Both papers were small (about 30,000 circulation), and had a reputation for developing young writers. After thinking it over, I chose to adventure West. I had never been to Idaho and knew nobody.

My mom took the 30 hour drive with me in my brown Grand Prix, my back seat and trunk filled with everything I owned. When I dropped her off at the airport to fly home I felt simultaneously proud and scared of my new independence.

During my time in Idaho, I learned how difficult it is to write a concise sentence, how to cast a fly rod, and I leveled up my snowboarding skills by venturing to the local hill multiple times per week before work (my work day started at 2pm).

My stint at the Post Register in Idaho didn't quite last a year. My bank account was quickly heading towards zero as my entry-level reporter salary didn't support trips to pricey resorts like Jackson Hole with my new friends. More than that I was home sick. I didn't want to admit it, but it was more difficult than I anticipated to be thousands of miles from my family and people that love me.

My first "real job" was an eye opener, and although I never took another newspaper job, I like to think it helped to shape me and how I approach business.

I learned the power of a good story, watched my boss lead with grace, and saw how powerful consistently setting deadlines can be.

I've spent the last decade managing people. And I have not yet had an employee that does not procrastinate. Even if a project has been 99% complete for weeks they will wait for the last day to officially submit.

We just wrapped up our 2023 Budget, and although we started it in July, my brother and I were making major business decisions on December 31st so we could "lock it in."

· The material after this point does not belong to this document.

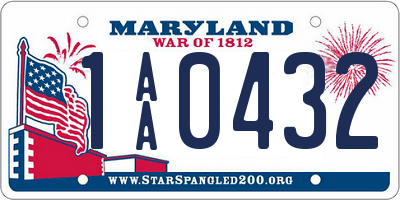 MD license plate 1AA0432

As we enter a new year, lots of us set new goals or made lists of resolutions. Set in the abstract we envision the new person we want to become. My guess is that most of those goals and resolutions do not have associated dates.

Even if you are the rare exception that is good at setting dates for yourself to complete the mundane like cancelling Netflix or mowing the lawn, it is very rare to do this on the more meaningful things in life.

However, these self imposed deadlines on major life milestones are the most powerful of all.

In 2009, after being laid off from my job as an insurance analyst, I set a deadline that I would start King of Pops (although it wasn't named quite yet) by April 1st, 2010. I also committed to staying at for at least a year.

Looking back, there were more unknowns than known as I ventured into entrepreneurship for the first time, but that deadline was key in getting this whole thing started. And the commitment to stick with it for a year allowed me to cast aside doubt when things weren't going as planned.

I'm a believer that we can accomplish more than we think. It's a big reason why we're so excited about the Cartrepreneur® program that we've started. More than an opportunity to be your own boss, it's the perfect entry point into owning your own business.

If you're thinking about making a change in your life it's smart to think it through, but a disservice to overthink it. It may not go as planned, but with hard work and a good attitude you'll come out on the other side for the better.

Life is short. Set a deadline, and make sure you're living it fully.